The UK provides a helping hand to iconic mammals
On World Elephant Day (12 August), the UK government is successfully supporting the protection of elephants, helping local livelihoods, ecosystem function and global diversity.
The Asian elephant’s habitat ranges across 13 countries in Asia, but it is an endangered species with less than 40,000 remaining worldwide. In Myanmar, increased deforestation has resulted in wild Asian elephant numbers dropping from 10,000 in the 1960s to under 2,000 by 2004.
A major UK government supported project has helped over 70,000 people and hundreds of elephants live side-by-side peacefully in Myanmar.
UK aid funding from the Darwin Initiative has been critical in establishing a partnership project called ‘Integrating biodiversity & elephants into peace & development’ which has created space for people and elephants to coexist while enhancing local land management.

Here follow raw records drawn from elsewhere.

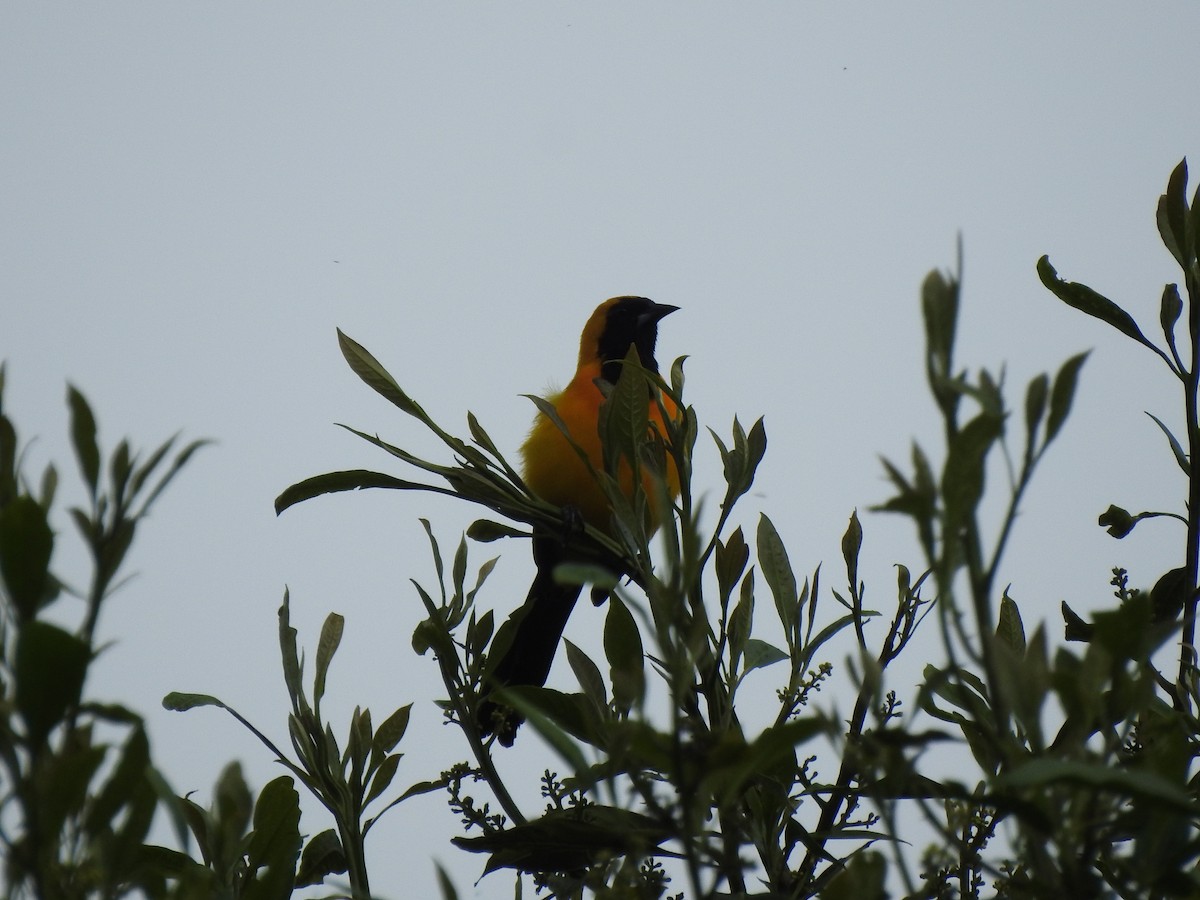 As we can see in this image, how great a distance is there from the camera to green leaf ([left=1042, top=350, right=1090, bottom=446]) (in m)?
0.83

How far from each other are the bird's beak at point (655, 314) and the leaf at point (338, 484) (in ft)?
15.4

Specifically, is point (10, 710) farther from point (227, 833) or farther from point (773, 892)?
point (773, 892)

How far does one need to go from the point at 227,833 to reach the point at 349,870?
63 centimetres

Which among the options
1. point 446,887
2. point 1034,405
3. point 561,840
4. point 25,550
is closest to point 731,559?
point 561,840

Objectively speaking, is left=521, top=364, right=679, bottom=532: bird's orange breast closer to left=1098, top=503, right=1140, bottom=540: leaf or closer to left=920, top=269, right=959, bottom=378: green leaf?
left=1098, top=503, right=1140, bottom=540: leaf

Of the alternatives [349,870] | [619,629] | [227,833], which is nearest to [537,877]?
[349,870]

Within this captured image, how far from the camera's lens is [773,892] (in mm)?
1535

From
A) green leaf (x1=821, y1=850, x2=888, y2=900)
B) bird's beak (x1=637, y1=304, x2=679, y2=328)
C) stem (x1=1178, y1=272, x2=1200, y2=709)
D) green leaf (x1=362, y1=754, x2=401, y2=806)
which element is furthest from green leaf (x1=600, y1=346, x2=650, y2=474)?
bird's beak (x1=637, y1=304, x2=679, y2=328)

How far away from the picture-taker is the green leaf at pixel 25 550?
83 cm

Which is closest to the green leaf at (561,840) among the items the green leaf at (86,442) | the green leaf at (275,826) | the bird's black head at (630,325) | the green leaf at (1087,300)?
the green leaf at (275,826)

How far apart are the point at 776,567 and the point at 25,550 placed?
4.42 ft

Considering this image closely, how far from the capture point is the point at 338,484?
1978 mm

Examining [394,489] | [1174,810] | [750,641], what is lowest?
[1174,810]

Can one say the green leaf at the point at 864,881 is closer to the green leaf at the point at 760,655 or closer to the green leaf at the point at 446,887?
the green leaf at the point at 446,887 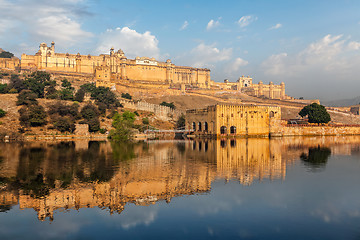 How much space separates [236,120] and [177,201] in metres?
40.7

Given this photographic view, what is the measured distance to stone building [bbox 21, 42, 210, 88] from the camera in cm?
10194

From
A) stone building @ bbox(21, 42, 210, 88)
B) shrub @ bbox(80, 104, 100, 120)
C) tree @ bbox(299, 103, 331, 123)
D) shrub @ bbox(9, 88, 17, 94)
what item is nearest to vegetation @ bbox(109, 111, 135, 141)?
shrub @ bbox(80, 104, 100, 120)

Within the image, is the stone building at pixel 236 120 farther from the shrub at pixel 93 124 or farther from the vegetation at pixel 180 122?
the shrub at pixel 93 124

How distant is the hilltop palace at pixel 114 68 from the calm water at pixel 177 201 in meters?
75.4

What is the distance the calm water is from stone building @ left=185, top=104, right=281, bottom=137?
30.1 meters

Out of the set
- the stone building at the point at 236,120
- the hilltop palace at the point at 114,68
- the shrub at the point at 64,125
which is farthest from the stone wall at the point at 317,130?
the hilltop palace at the point at 114,68

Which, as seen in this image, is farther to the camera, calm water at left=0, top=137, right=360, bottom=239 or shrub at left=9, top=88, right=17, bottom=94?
shrub at left=9, top=88, right=17, bottom=94

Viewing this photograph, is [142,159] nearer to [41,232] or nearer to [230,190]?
[230,190]

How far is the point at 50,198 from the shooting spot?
42.5ft

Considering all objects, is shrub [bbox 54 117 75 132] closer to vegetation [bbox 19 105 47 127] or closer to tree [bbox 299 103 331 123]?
vegetation [bbox 19 105 47 127]

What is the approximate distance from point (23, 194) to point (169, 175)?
740cm

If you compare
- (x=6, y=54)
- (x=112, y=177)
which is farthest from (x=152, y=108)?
(x=6, y=54)

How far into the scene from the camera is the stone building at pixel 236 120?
51.3m

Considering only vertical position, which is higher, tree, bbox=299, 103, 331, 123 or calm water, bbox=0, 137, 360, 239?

The coexistence programme is aiming to reach 12,000 families, which will make a difference to lives and livelihoods through education, poverty reduction and providing space for elephants through land-use changes.
Speaking on World Elephant Day (12 August), International Environment Minister Zac Goldsmith said:
World Elephant Day is a chance to celebrate the brilliant individuals and organisations around the globe who are dedicated to protecting this iconic species for future generations.
I am delighted to see the successes of Elephant Family’s project to protect Asian elephants in Myanmar.
The Darwin Initiative is critical in supporting this type of international conservation project, and for ensuring local communities are central to conservation initiatives.
Now in its third year, the project has been successful in facilitating forest and biodiversity protection. Through practical support, over 43,000 local people across 63 villages have been empowered about sustainable land-use management - helping tackle poverty alleviation through supporting the foundation of local livelihoods – through land tenure and ownership.
Belinda Stewart-Cox, OBE, Elephant Family Trustee, said:
Through education, this project has promoted a better understanding of elephants, what causes conflict with people and how best to avoid it.
It’s a highly practical project, aimed at every age group in communities that either do, or may soon experience conflict with elephants. It is also teaching communities how to map their land and manage it more sustainably.
Village representatives, schools and authorities across 190 villages have been trained in how to peacefully co-exist and value elephants – reaching over 12,000 families, and helping safeguard their livelihoods without harming elephants.
Projects like this are illustrative of the ‘win-win’ approach encouraging sustainable livelihoods whilst conserving some of the world’s iconic and endangered species and landscapes, which benefits us all.
The UK is a global leader on the protection of elephants having introduced one of the world’s toughest ivory sales bans last year.